Restate, exactly as written, the entries below from the line that holds "Elegant Brass Pave" through the line that holds "1 Pasang Anting". Pictures are not part of the copy.

Record excerpts below:

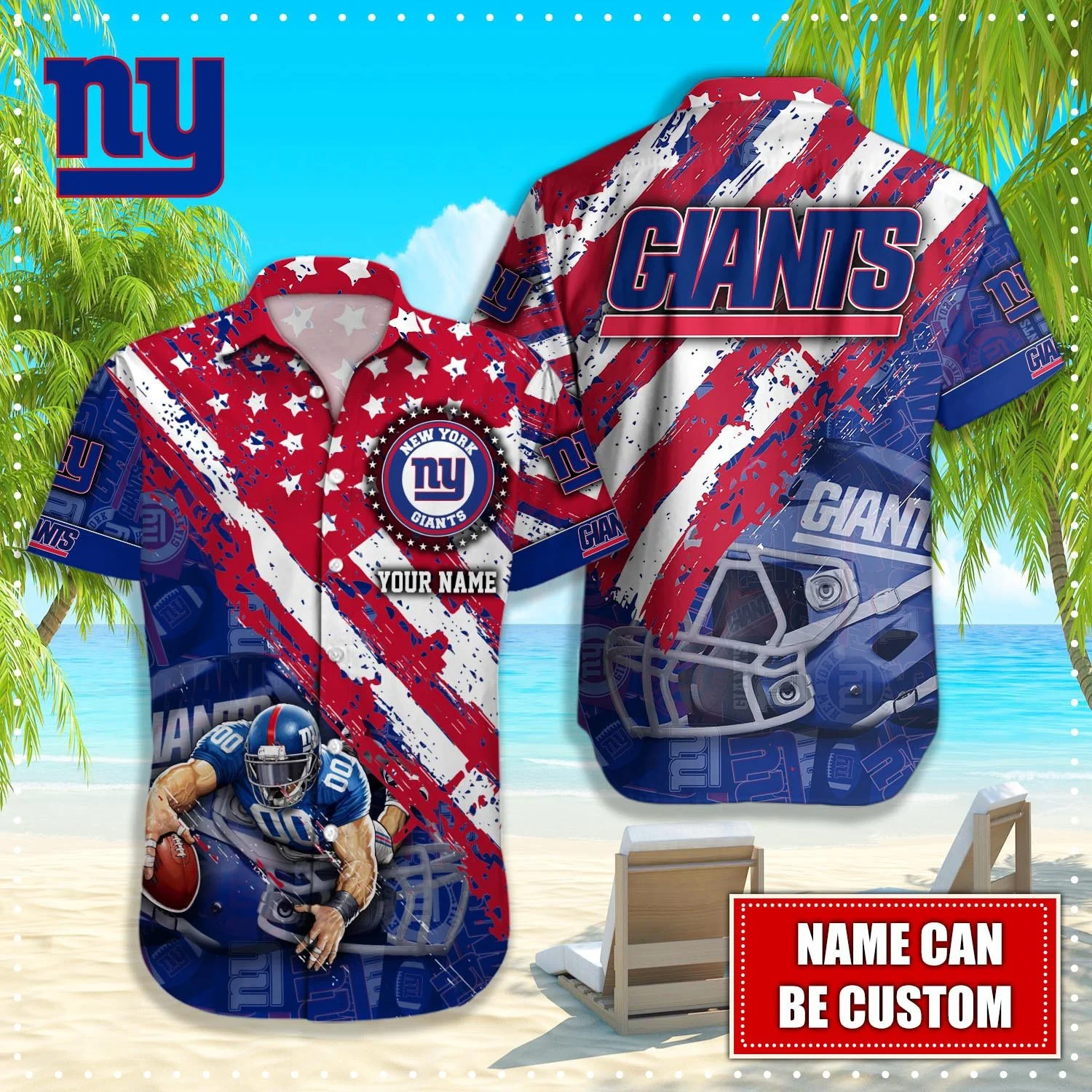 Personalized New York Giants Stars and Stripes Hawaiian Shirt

End of Record excerpts.
Record excerpts below:

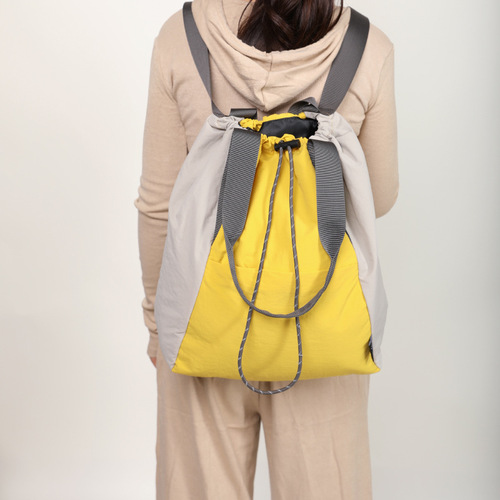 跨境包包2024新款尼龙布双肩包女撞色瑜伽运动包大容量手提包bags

End of Record excerpts.
Record excerpts below:

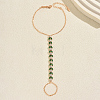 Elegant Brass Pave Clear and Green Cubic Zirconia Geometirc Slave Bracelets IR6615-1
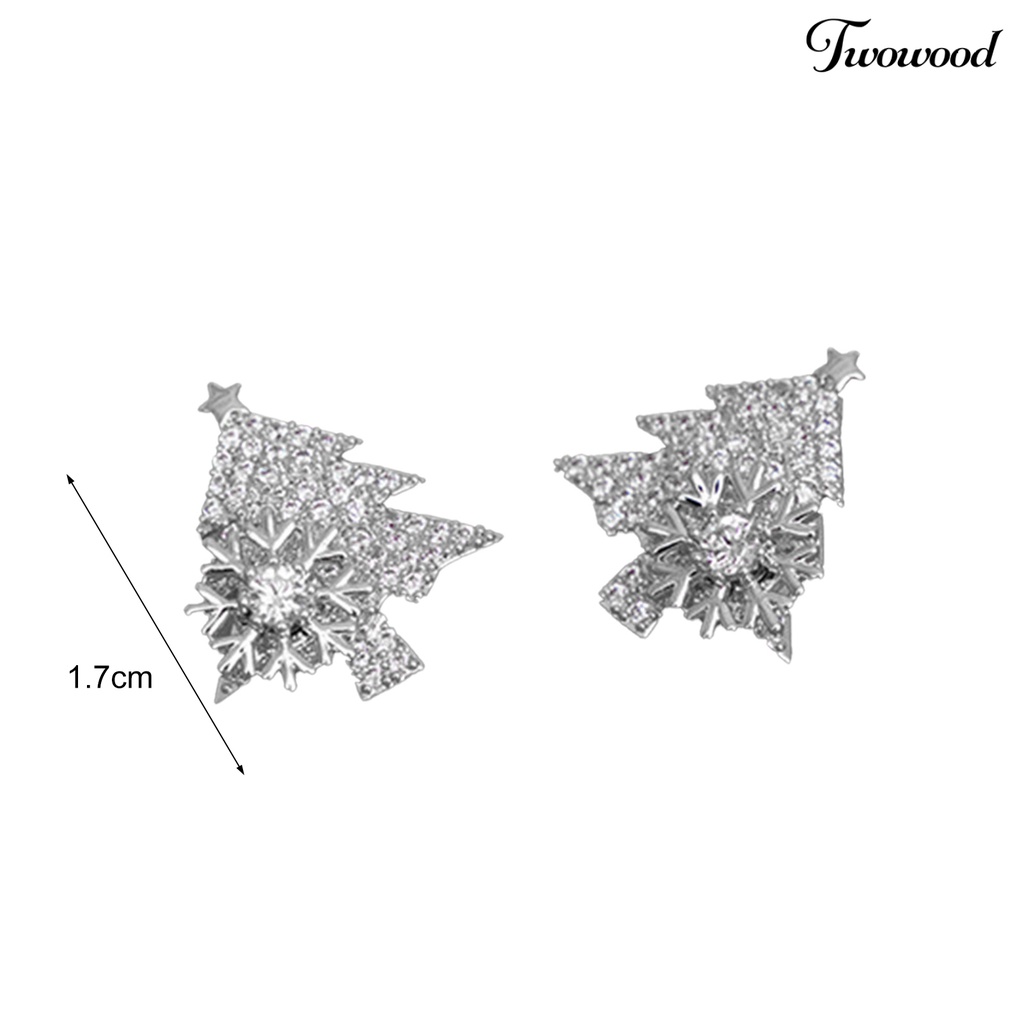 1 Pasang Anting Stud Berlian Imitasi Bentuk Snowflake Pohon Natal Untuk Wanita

End of Record excerpts.

— Result for this task —
 Elegant Brass Pave Clear and Green Cubic Zirconia Geometirc Slave Bracelets IR6615-1
 1 Pasang Anting Stud Berlian Imitasi Bentuk Snowflake Pohon Natal Untuk Wanita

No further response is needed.